Could anything top a visit to Snake and Jake's Christmas Club Lounge? I mean, what on earth-let alone the great but still reviving city of New Orleans, Louisiana-could one possibly best the experience of seeing, hearing and, God knows, smelling S&J's, one of America's more piquant fire-water soaked dumps (see http://blog.stereophile.com/musicroom/robertbaird/new_orleans_matters/).

 The answer was Carrollton Station, a much more upscale club, where we went to see and hear Paul Sanchez and The Rolling Road Show. To a big-city newcomer the idea sounded too wide-eyed and optimistic to be believed: musicians from various genres, black and white, jazz cats and rock dudes, getting together to play each other's songs. In theory, it would be a mixing of the many styles and influences that have made New Orleans music famous. Onstage, it would be NOLA trad jazz followed by loud guitar rock; second-line rhythms preceding Cajun-flavored dance numbers; trumpets and arch top guitars; trombones and washboards. it would be, so the story went, a generous collaboration with egos in check-all of it worth aspiring to, but something that rarely ever happens.
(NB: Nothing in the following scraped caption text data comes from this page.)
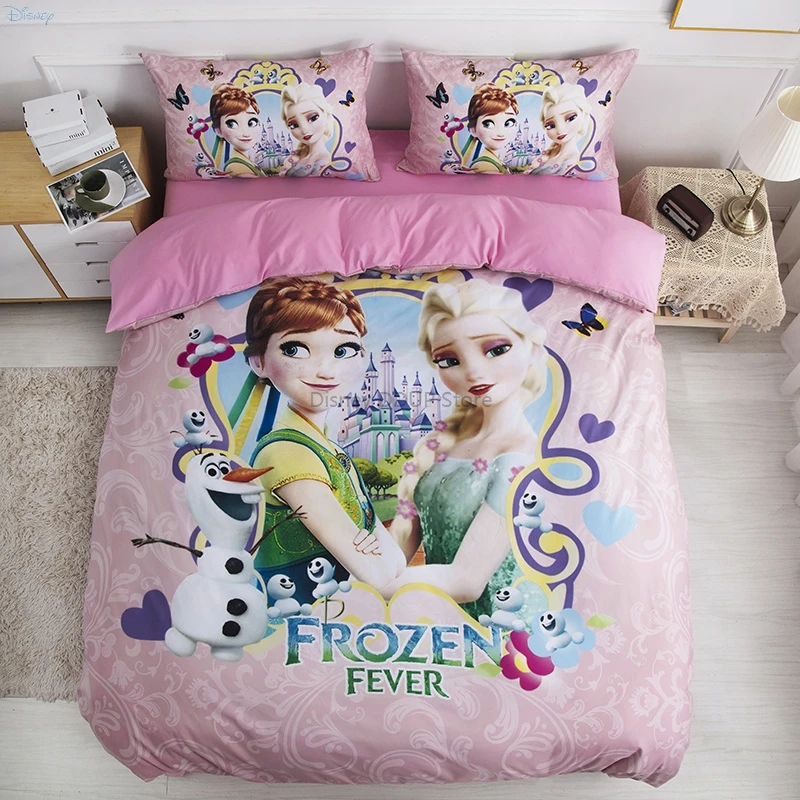 New Products Frozen Anna Elsa Princess Bedding Set Print Duvet Cover Bed Sheet Pillowcase Single Twin Full Queen Kids Bedclothes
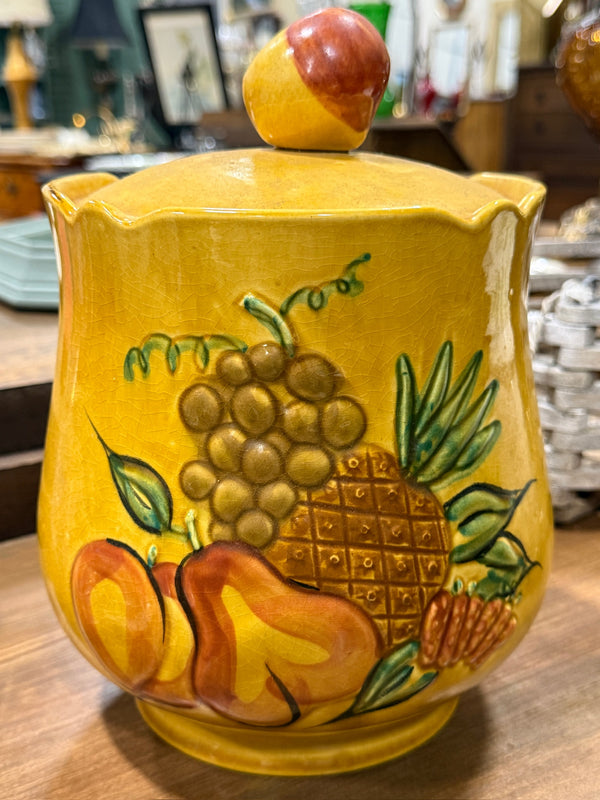 Vintage California Pottery Embossed Fruit Cookie Jar, c. 1945–1960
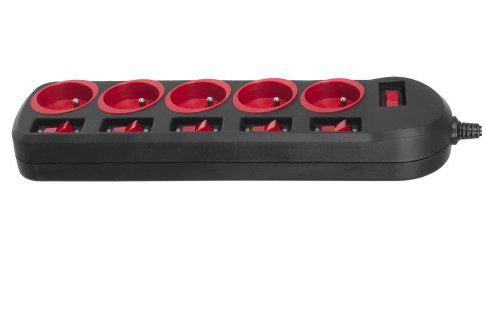 EAN 5902211109617 - Maclean MCE204 base múltiple 1,5 m 5 salidas AC Interior Negro, Rojo imagen 3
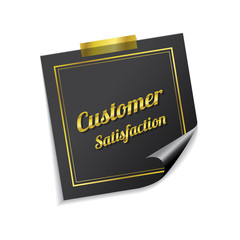 Customer Satisfaction Golden Sticky Notes Vector Icon Design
 Most of the crowd at this brave experiment were members of a group called the Threadheads. Once it was explained to me in detail, their mission seemed even less likely then the concept of the Rolling Road Show. united by their love of New Orleans' annual Jazz and Heritage Festival, this group of strangers originally pitched in to establish a sort of trust fund for New Orleans musicians who'd suffered because of Hurricane Katrina.

 The Threadheads i saw that night were fairly straight-looking, upscale white folks obviously determined to get philanthropic in their own, collectively idiosyncratic way. Most clearly knew each other, and nearly everyone was dancing. There was a table full of sandwiches and munchies, and booze and beer were available at discounted prices. While several musicians mentioned to me that they were at first suspicious of the Threadheads motives, all had now grown to love this well-meaning group, offering shout-outs from the stage, and even singing "Happy Birthday" to one man festooned in beads and a feathery hat.

With an admirably easy grace 

and lots of joyous music making,

                                     Paul Sanchez's Rolling Road Show

                                     was working like a charm.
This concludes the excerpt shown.